As our clinical trial pipeline unfolds and therapies become available, navigating the landscape is becoming increasingly complex. But today our landscape shone a bit brighter as the sun rose on the FDA campus early this morning and we watched members of our Duchenne community arrive.
Because today – our Duchenne community has again worked with the FDA to ensure that our community’s voice is heard.
Today, we are grateful to the FDA and the FDA Office of Pediatric Therapeutics (OPT), Office of the Commissioner (OC) for helping to facilitate our community’s dialogue by convening an advisory committee around an issue that has arisen in the course of patient participation in Sarepta’s ESSENCE study. The central question being asked to the committee is around the placement of an in-dwelling port in patients currently enrolled in a placebo controlled study – whether or not that should be allowed.
We are grateful to the members of the Duchenne community who have traveled to the FDA to share their personal experiences with port placement within Duchenne clinical trials. In his opening comments, Dr. Skip Nelson thanked the Duchenne community for raising this issue to the attention of the FDA, as well as the UCLA IRB for working with our community and the FDA. He also noted that this is the first time that a meeting of this type has involved a commercially-sponsored study (rather than a study sponsored by an academic institution) and acknowledged Sarepta’s willingness to work with the agency.
Following presentations today from Dr. Perry Sheieh, the UCLA IRB, the Bullers family, and Sarepta, there will be an Open Public Comment period. All of this testimony will be taken into consideration by the Advisory Committee – along with the written comments that were received prior to May 5 – during an afternoon discussion. The Advisory Committee will then vote on whether to amend the protocol of the Sarepta ESSENCE study to allow for the consideration of port placement. The outcome of today’s vote and discussion will be summarized into a recommendation and report for the FDA Commissioner. A final decision will be announced once that Commissioner has reviewed the summary report.

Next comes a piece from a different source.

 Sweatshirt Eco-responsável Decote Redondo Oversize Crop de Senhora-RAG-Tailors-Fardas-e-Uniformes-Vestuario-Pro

Today's questions before the committee:
Question One: Use of indwelling central venous access device in the ESSENCE clinical trial should be allowed.
- YES - There are circumstances in which an indwelling central nervous access device should be allowed in the ESSENCE clinical trial.

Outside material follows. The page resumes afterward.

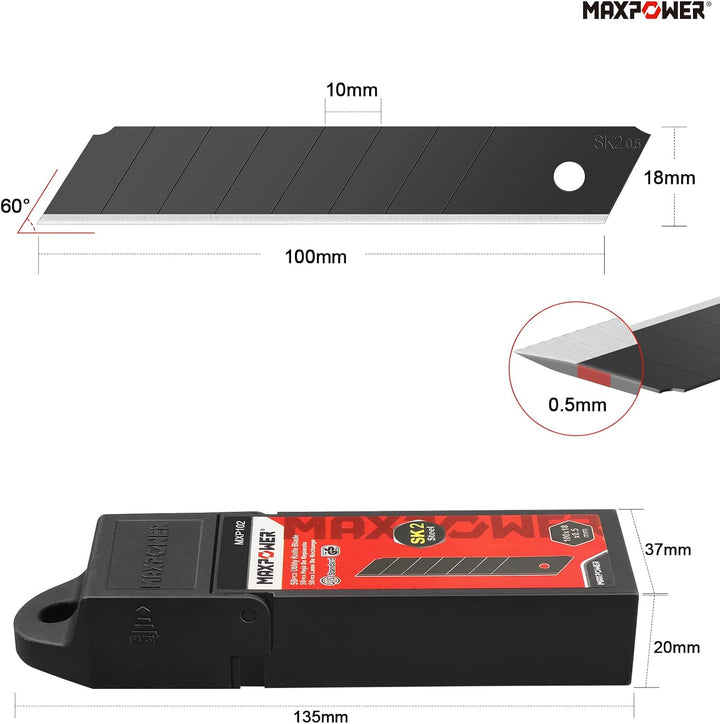 MAXPOWER 50 Stück Abbrechklingen Scharfe Teppichmesser klingen Tragbar Professionelle 100 x 18 mm, 1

- NO - There are no circumstances in which an indwelling central venous access device should be allowed in the ESSENCE clinical trial.

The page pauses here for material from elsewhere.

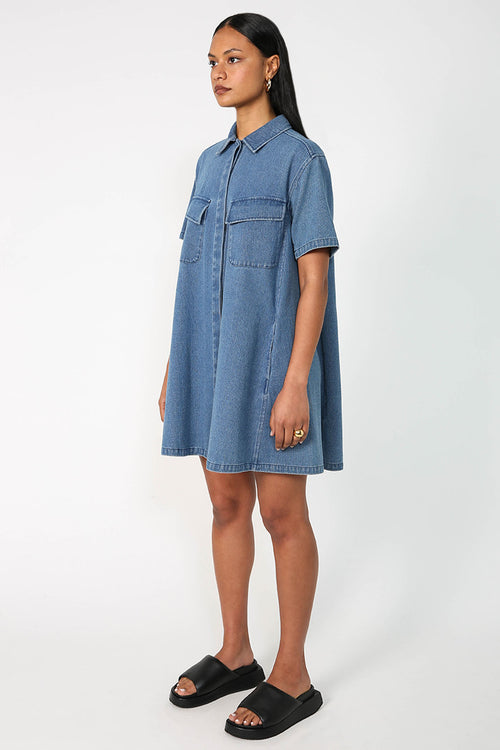 convex shirt dress / mid blue denim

Question Two (non-voting): If the ESSENCE protocol, as amended to include the use of an indwelling central venous access device, is allowed to proceed, please discuss the following issues:
- Should the choice and timing of placement of a clinically-appropriate central venous access device be left to the discretion of the study site investigator?
- Should the protocol include criteria for deciding when an individual study participant has difficulties with peripheral intravenous access (DIVA) such that use of a central venous access device may be appropriate?
- If the protocol should include such criteria, what type of criteria ought to be specified (e.g., number of failed attempts at establishing peripheral intravenous access, number of visits where there was difficulty establishing peripheral intravenous access, use of alternative visualization technologies)?
- How should the burden of undergoing multiple failed attempts at establishing peripheral intravenous access be taken into account (e.g., anticipatory anxiety, post-traumatic stress)
The Bullers Family - Testimony
If the FDA does ultimately recommend that the ESSENCE protocol be amended to allow for consideration of port placement, it would mean that each individual site’s IRB would then have the ability to review the local trial protocol to determine whether port placement within the ESSENCE study would be permitted for consideration by trial participants, in consultation with their principal investigator and treating clinician.
The written docket for comment on today’s proceedings will remain open through tomorrow (May 19). All comments submitted today and tomorrow WILL be considered in the final dossier prepared for review by the FDA Commissioner.
Patients deserve options. And we are grateful to all those who have worked to ensure that the experiences of our patient community are understood.